After using fly.io for several applications all of the sudden one of our services wont become available via http after a deployment, even tho the logs suggest its running.
When requesting any url we get a 503 error after a few seconds, and in the instance logs the following gets logged
[PR04] could not find a good candidate within 20 attempts at load balancing
The instance seems to get reset afterwards
When sshing into the machine and using wget to try to see if we can load https://localhost:8080 we get the response we’re expecting
We haven’t changed the configuration within the app or in our fly.toml file (except for trying to get it to work again). We’ve already tried redeploying the settings, and both app settings (it’s a aspnet core application) and .toml settings are exactly the same as for other applications that do still work.
Could this be something on fly’s side and if so how can we confirm this? We’re apprehensive deleting the whole app and restarting again because we have quite some 3rd parties referring to our current URL.
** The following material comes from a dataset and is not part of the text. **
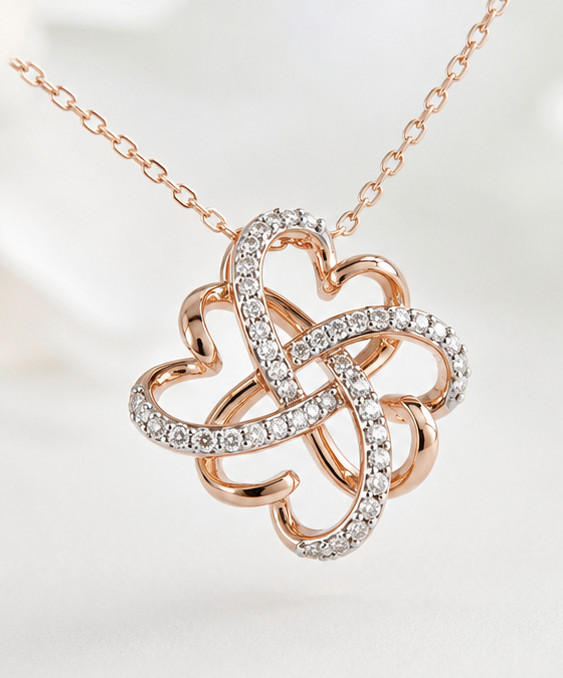 2.20Ct Round Cut Simulated Diamond Custom Heart Pendant 14K Yellow Gold Plated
This means there are no healthy app instances to route requests to. In general, this could be because your Machines are failing their health checks or they’ve each reached their hard limit of concurrent requests (or connections) set in fly.toml.
I poked at your app and noticed you had–and then removed–your health check in fly.toml. Despite this, I still see old health check data persisted on our end, and your checks were last in critical state before they were removed.
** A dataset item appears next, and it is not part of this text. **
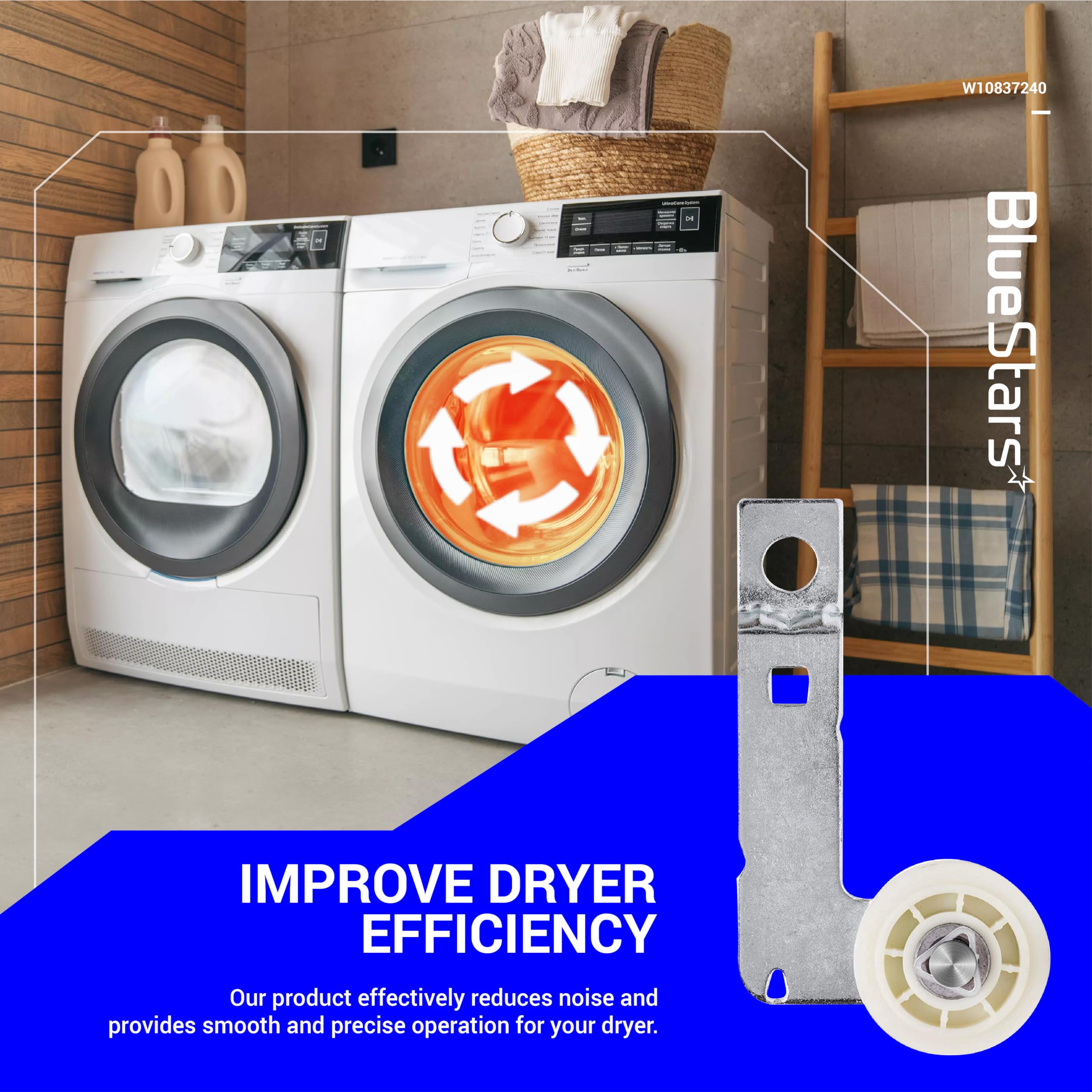 Amazon.com: BlueStars W10837240 Dryer Idler Pulley With Bracket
What I think is happening here is a bug: our service discovery system is still holding on to your app’s once-failing health checks. This stale state would then cause Fly Proxy to view your app as unhealthy and stop routing requests to it.
The stale state should only apply to existing Machines. New ones should be created with a clean health check slate.
Try cloning a new Machine with fly machine clone <id>, wait for it to start, and then ping your app again. If your new Machine’s responding to requests, you can destroy the old (possibly stale) Machines using fly machine destroy <id>.